Short descriptive text snippets:
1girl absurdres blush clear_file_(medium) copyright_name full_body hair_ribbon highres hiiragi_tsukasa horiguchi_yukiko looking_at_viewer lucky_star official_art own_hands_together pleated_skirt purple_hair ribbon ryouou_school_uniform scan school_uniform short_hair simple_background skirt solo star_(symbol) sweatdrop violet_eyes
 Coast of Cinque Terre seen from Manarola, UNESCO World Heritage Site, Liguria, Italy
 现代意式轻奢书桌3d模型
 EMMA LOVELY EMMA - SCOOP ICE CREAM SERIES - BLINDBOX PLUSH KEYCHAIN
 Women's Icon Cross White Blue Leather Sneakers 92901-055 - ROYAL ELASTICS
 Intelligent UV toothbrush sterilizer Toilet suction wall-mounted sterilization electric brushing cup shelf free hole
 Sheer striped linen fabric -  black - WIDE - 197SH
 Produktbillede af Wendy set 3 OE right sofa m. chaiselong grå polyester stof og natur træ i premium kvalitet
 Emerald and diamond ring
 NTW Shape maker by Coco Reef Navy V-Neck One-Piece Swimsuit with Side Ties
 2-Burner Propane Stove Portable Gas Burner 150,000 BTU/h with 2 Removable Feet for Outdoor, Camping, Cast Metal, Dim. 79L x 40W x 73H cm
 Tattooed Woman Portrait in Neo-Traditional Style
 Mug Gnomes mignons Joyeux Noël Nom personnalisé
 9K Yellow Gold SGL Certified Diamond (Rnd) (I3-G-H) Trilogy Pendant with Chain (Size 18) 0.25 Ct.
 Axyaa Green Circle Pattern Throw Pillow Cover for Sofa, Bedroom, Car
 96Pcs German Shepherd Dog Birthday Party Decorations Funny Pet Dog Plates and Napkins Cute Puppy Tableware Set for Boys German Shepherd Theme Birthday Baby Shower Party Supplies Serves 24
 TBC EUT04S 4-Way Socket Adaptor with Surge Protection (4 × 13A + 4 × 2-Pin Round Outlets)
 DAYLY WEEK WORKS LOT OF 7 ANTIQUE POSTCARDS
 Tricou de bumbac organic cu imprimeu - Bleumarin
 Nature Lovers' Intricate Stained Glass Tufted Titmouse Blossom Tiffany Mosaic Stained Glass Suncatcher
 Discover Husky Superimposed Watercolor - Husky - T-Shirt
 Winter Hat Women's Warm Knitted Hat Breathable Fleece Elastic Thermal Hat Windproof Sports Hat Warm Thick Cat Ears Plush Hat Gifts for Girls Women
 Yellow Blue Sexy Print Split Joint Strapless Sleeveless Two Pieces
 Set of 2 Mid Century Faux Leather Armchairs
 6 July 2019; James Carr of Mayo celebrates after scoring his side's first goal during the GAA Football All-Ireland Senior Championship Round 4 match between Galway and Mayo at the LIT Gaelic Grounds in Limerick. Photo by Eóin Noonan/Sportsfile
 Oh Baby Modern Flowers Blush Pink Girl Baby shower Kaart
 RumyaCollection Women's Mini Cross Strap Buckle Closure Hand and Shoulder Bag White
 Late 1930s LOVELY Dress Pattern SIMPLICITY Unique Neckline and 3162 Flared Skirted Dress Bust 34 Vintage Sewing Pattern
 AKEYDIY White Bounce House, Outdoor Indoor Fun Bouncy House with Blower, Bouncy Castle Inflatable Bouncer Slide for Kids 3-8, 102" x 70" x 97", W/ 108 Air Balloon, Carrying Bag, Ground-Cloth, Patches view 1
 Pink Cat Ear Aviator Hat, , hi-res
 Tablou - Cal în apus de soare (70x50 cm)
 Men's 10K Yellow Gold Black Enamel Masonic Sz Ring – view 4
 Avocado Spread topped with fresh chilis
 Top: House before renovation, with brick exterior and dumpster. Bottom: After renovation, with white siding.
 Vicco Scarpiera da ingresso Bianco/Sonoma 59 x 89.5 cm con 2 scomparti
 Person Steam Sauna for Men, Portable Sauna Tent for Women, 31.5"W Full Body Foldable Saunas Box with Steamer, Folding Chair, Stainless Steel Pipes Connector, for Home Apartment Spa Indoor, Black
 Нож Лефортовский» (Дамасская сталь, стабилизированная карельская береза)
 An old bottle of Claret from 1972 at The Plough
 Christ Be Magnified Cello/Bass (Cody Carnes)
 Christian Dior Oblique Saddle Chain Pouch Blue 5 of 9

ACTIVITY
The reply should consist solely of the lines above from the one that has "9K Yellow Gold" through the one that has "Nature Lovers' Intricate", reproduced exactly.

OUTPUT OF THE EXERCISE
 9K Yellow Gold SGL Certified Diamond (Rnd) (I3-G-H) Trilogy Pendant with Chain (Size 18) 0.25 Ct.
 Axyaa Green Circle Pattern Throw Pillow Cover for Sofa, Bedroom, Car
 96Pcs German Shepherd Dog Birthday Party Decorations Funny Pet Dog Plates and Napkins Cute Puppy Tableware Set for Boys German Shepherd Theme Birthday Baby Shower Party Supplies Serves 24
 TBC EUT04S 4-Way Socket Adaptor with Surge Protection (4 × 13A + 4 × 2-Pin Round Outlets)
 DAYLY WEEK WORKS LOT OF 7 ANTIQUE POSTCARDS
 Tricou de bumbac organic cu imprimeu - Bleumarin
 Nature Lovers' Intricate Stained Glass Tufted Titmouse Blossom Tiffany Mosaic Stained Glass Suncatcher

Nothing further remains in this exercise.